Analysis: Closure of huge storage plant, misplaced optimism in fracking and demise of North Sea gas have all played a part

In the midst of a global energy crisis Europe is preparing to enter the winter with its lowest reserves of gas in at least 10 years. For the UK, which has some of the continent’s lowest gas storage capacity, the drawing in of colder months has left households even more vulnerable to the risk of shortages.

The UK’s stores hold enough gas to meet the demand of four to five winter days, or just 1% of Europe’s total available storage. The Netherlands has capacity more than nine times the UK’s, while Germany’s is 16 times the size.

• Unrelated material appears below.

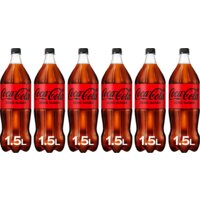 Coca-Cola Zero sugar 6-pack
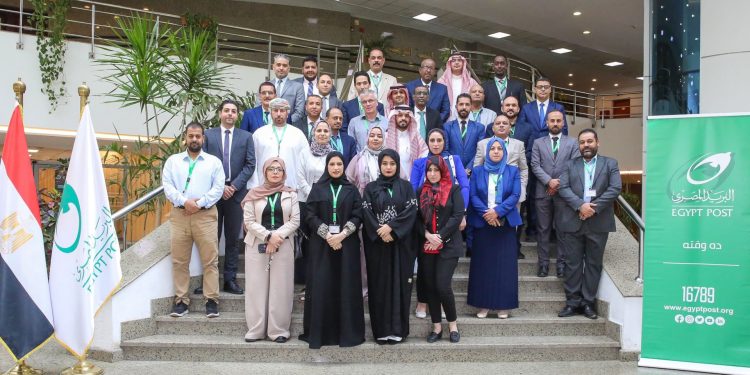 “البريد المصري” يستضيف.. ورشة  “بناء قدرات المؤسسات البريدية العربية”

Britain’s continental neighbours also have lower gas market prices. However, according to the business secretary, Kwasi Kwarteng, any connection drawn between soaring prices and meagre storage levels is a “red herring”.

“There’s no way that any storage in the world will mitigate a quadrupling of the gas price in four months, as we’ve seen,” he told MPs this week. “The answer to this is getting more diverse sources of supply, more diverse sources of electricity, through non-carbon sources.”

Few would disagree that a lower reliance on gas would safeguard the UK against global market spikes. But many fear the UK’s low storage levels have left it exposed to higher prices and the risk of shortages this winter.

The Labour MP Stephanie Peacock accused the government of leaving the UK “vulnerable” to crisis and called on Kwarteng to admit that the closure of the country’s main gas storage site off the east coast four years ago was “a mistake”.

The Rough storage facility, owned by Centrica, the parent company of British Gas, provided 70% of the UK gas storage capacity for more than 30 years before it shut in 2017 following a government decision not to subsidise the costly maintenance and upgrades needed to keep the site going.

For decades the UK had been able to avoid investment in costly storage in favour of tapping its domestic North Sea reserves for gas on demand. So why did the UK believe it could continue to do without even as those reserves declined?

In 2013, the then energy minister Michael Fallon said the decision to allow Rough to close would save the UK £750m over 10 years. Instead, a diverse range of energy sources would ensure the public received “reliable supplies of electricity and gas at minimum cost”.